TASK INPUT:
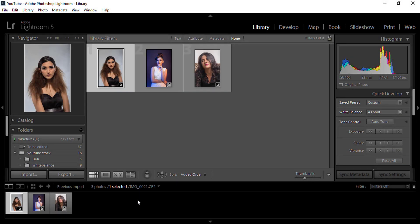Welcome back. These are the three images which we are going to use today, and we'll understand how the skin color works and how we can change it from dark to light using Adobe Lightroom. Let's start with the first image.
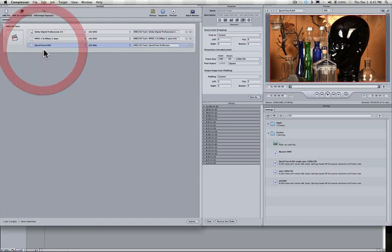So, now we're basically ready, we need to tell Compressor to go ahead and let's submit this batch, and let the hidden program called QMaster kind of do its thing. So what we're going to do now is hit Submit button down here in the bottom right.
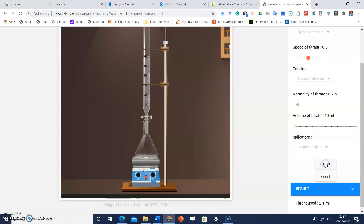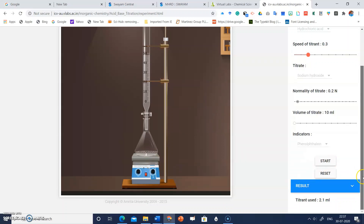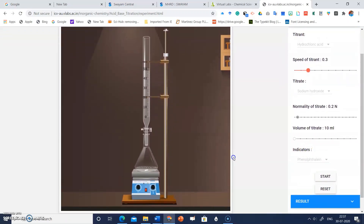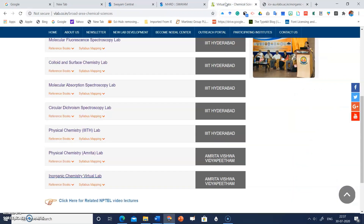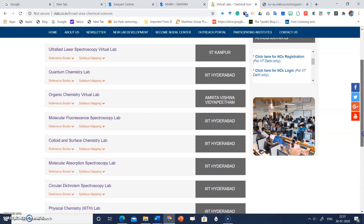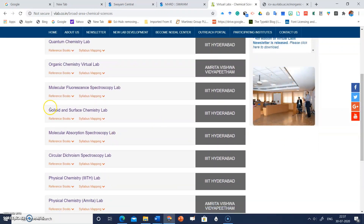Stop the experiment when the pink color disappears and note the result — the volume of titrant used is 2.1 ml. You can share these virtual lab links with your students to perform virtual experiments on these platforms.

--

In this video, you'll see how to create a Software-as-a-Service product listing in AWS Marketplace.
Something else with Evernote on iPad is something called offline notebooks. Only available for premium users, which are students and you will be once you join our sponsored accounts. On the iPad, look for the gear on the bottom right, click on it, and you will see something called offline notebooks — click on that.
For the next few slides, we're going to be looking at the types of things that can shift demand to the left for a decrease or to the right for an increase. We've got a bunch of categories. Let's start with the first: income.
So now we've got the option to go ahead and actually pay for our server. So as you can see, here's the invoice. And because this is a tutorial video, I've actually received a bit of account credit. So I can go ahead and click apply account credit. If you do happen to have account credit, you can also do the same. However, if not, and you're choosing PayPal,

* * *

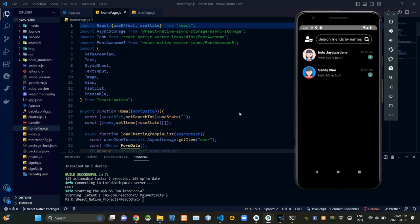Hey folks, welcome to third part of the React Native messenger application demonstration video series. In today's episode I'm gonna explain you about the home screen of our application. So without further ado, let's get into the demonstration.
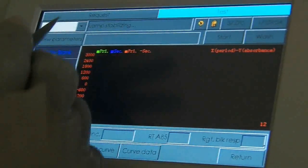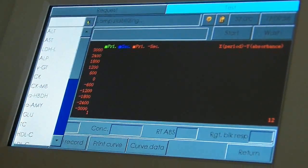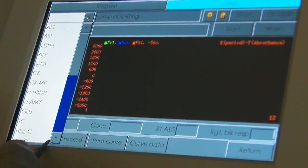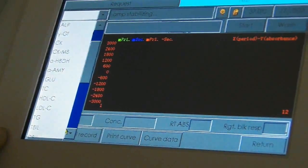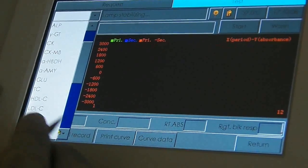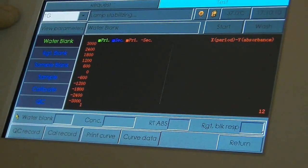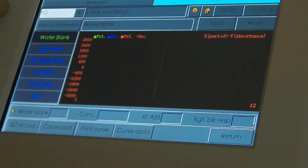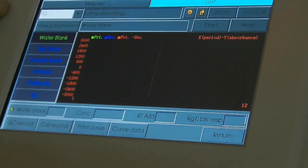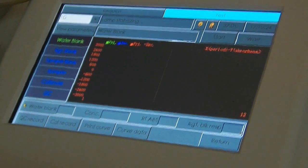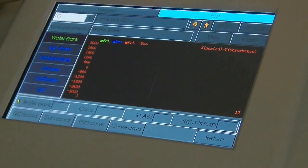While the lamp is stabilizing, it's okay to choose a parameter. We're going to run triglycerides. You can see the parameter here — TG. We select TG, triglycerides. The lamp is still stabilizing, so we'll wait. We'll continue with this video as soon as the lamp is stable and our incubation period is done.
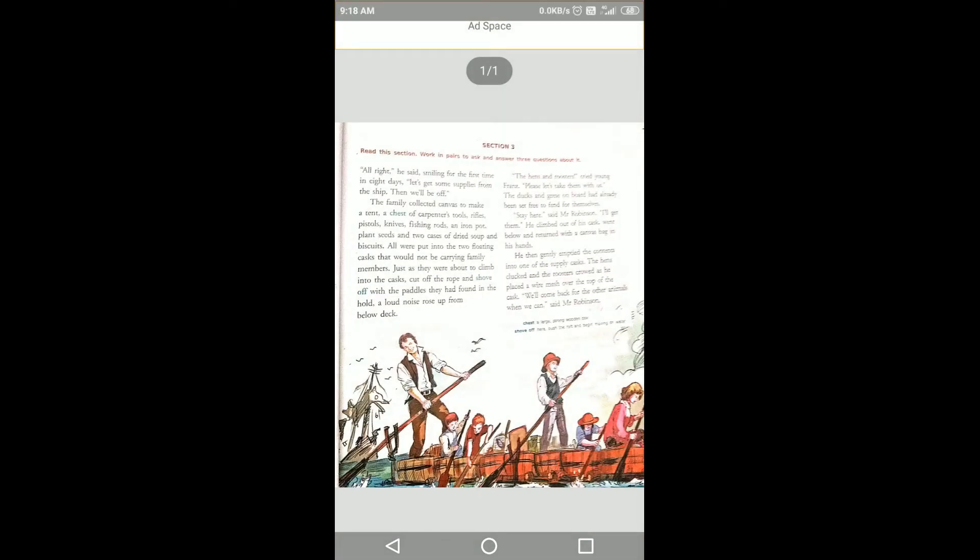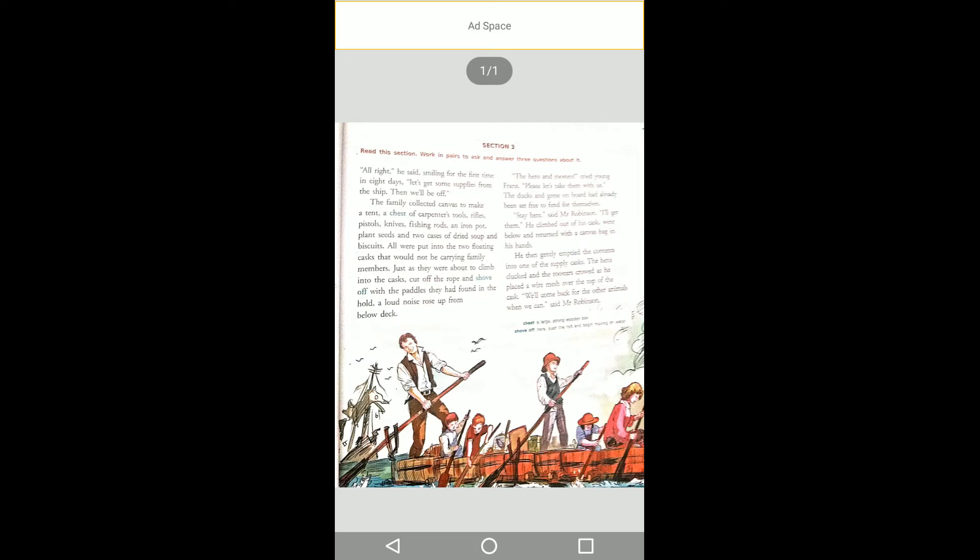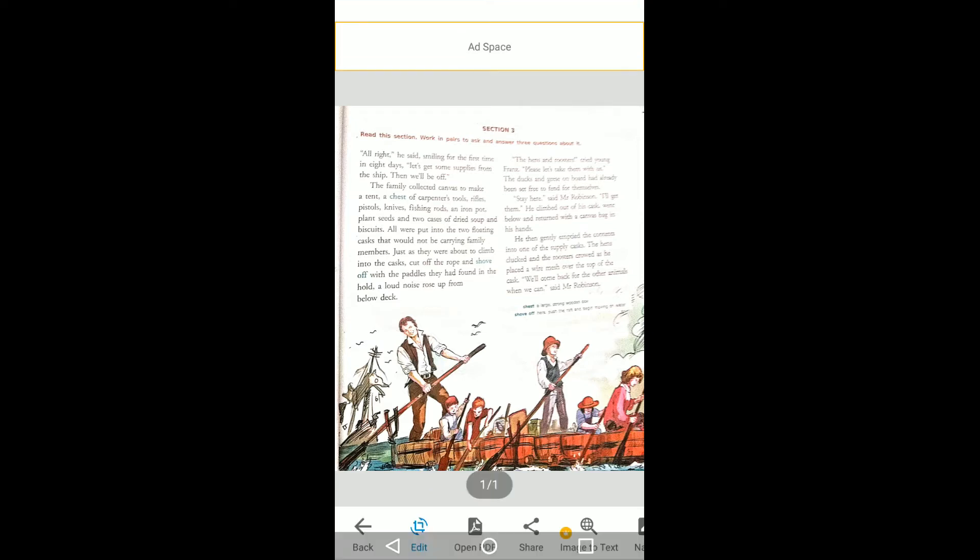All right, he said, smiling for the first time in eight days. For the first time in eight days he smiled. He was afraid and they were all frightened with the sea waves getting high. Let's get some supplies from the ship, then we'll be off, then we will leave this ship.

WORK TO BE COMPLETED: Although the records hold pictures, the copy must not; give again exactly the lines from the one with "While the lamp" through the one with "All right, he".

YOUR SOLUTION:
While the lamp is stabilizing, it's okay to choose a parameter. We're going to run triglycerides. You can see the parameter here — TG. We select TG, triglycerides. The lamp is still stabilizing, so we'll wait. We'll continue with this video as soon as the lamp is stable and our incubation period is done.
All right, he said, smiling for the first time in eight days. For the first time in eight days he smiled. He was afraid and they were all frightened with the sea waves getting high. Let's get some supplies from the ship, then we'll be off, then we will leave this ship.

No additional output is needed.